In the INTEREST OF C.D. and S.D., Minor Children, C.W., Father of C.D., Appellant, K.B., Mother, Appellant.

No. 20-0743

Decided: August 05, 2020

Considered by Bower, C.J., and Doyle and Schumacher, JJ. Jessica J. Chandler of Chandler Law Office, Windsor Heights, for appellant father. Emily DeRonde of DeRonde Law Firm, PLLC, Johnston, for appellant mother. Thomas J. Miller, Attorney General, and Kathryn K. Lang, Assistant Attorney General, for appellee State. Chuck Fusion of Youth Law Center, Des Moines, attorney and guardian ad litem for minor children.

The mother of C.D., born January 2011, and S.D., born October 2014, and the father of C.D. separately appeal the termination of their parental rights to their children.1

Our review of termination-of-parental-rights proceedings is de novo. In re A.B., 815 N.W.2d 764, 773 (Iowa 2012). “We give weight to the juvenile court's factual findings, especially when considering the credibility of witnesses, but we are not bound by them.” Id. (citation omitted).

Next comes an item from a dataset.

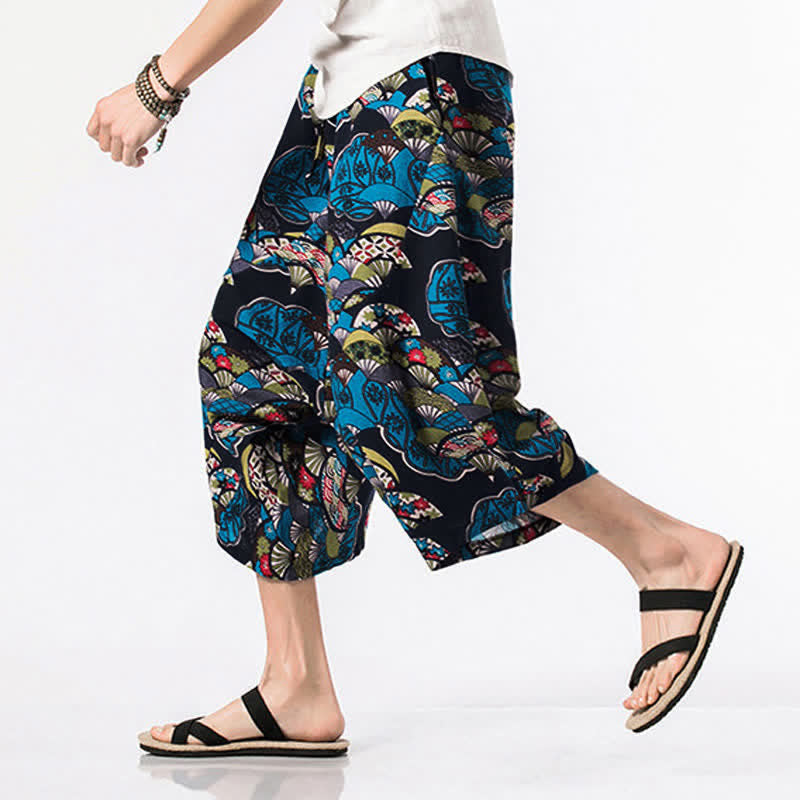 Buddha Stones Ethnic Printing Floral Geometric Pattern Men's Harem 7-8 Length Pants With Pockets - image 1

Father's appeal. The father's appeal hinges on his assertion C.D. can be returned to the mother. The father cannot avoid termination of his parental rights with this argument. See In re D.G., 704 N.W.2d 454, 459–60 (Iowa Ct. App. 2005) (stating that one parent cannot assert facts or legal positions pertaining to the other parent as the court makes a separate adjudication as to each parent); see also In re K.R., 737 N.W.2d 321, 323 (Iowa Ct. App. 2007) (“[The father] did not have standing to assert that argument on [the mother's] behalf in an effort to ultimately gain a benefit for himself, that is, the reversal of the termination of his parental rights.”). “[I]n termination of parental rights proceedings each parent's parental rights are separate adjudications, both factually and legally.” D.G., 704 N.W.2d at 459.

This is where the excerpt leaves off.